19. Governing Law. The laws of the State of Colorado shall govern the
validity, performance and enforcement of this Agreement. Should either party
institute legal suit or action for enforcement of any obligation contained
herein, it is agreed that venue of such suit or action shall be in Xxxxxx
County, Colorado.
20. Attorney Fees. Should this Agreement become the subject of litigation
to resolve a claim of default of performance by the Developer and a court of
competent jurisdiction determines that the Developer was in default in the
performance of the Agreement, the Developer shall pay the City's and the
District's attorney fees, expenses, and court costs.

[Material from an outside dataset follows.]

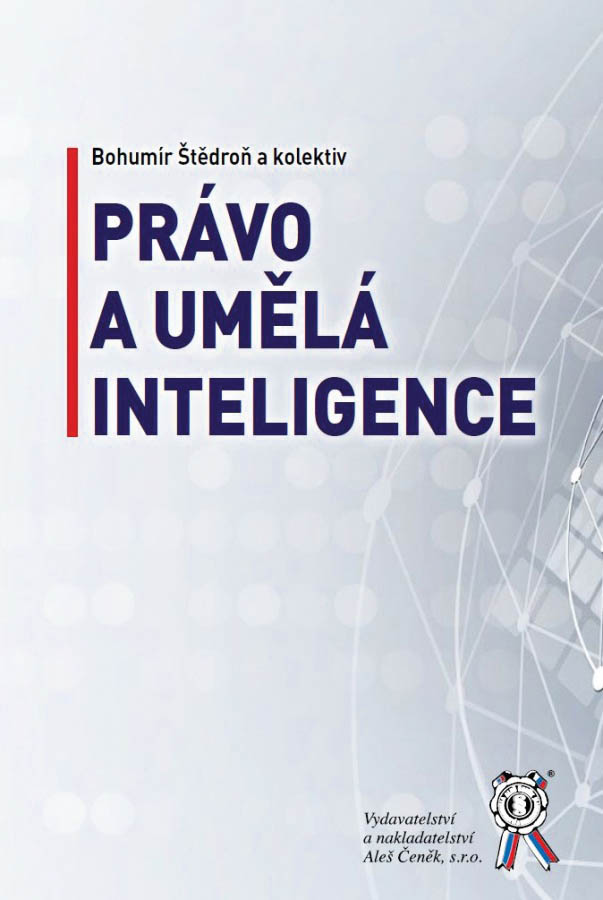 Knihu Právo a umìlá inteligence vydalo nakladatelství Aleš Èenìk.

21. Notice. All notice required under this Agreement shall be in writing
and shall be hand-delivered or sent by registered or certified mail, return
receipt requested, postage prepaid, to the address of the parties herein set
forth. All notices so given shall be considered effective seventy-two (72) hours
after deposit in the United States mail with the proper address as set forth
below. Either party by notice so given may change the address to which future
notices shall be sent.
Notice to the City: Public Works Director
City of Black Hawk
X.X. Xxx 00
Xxxxx Xxxx, Xxxxxxxx 00000
With copy to: Xxxxx X. Xxxxxxx, Esq.
Black Hawk City Attorney
Xxxxx, Xxxxxxxx & Xxxxxxx, P.C.
000 00xx Xxxxxx, Xxxxx 000
Xxxxxx, Xxxxxxxx 00000
Notice to Developer: Windsor - Woodmont, L.L.C.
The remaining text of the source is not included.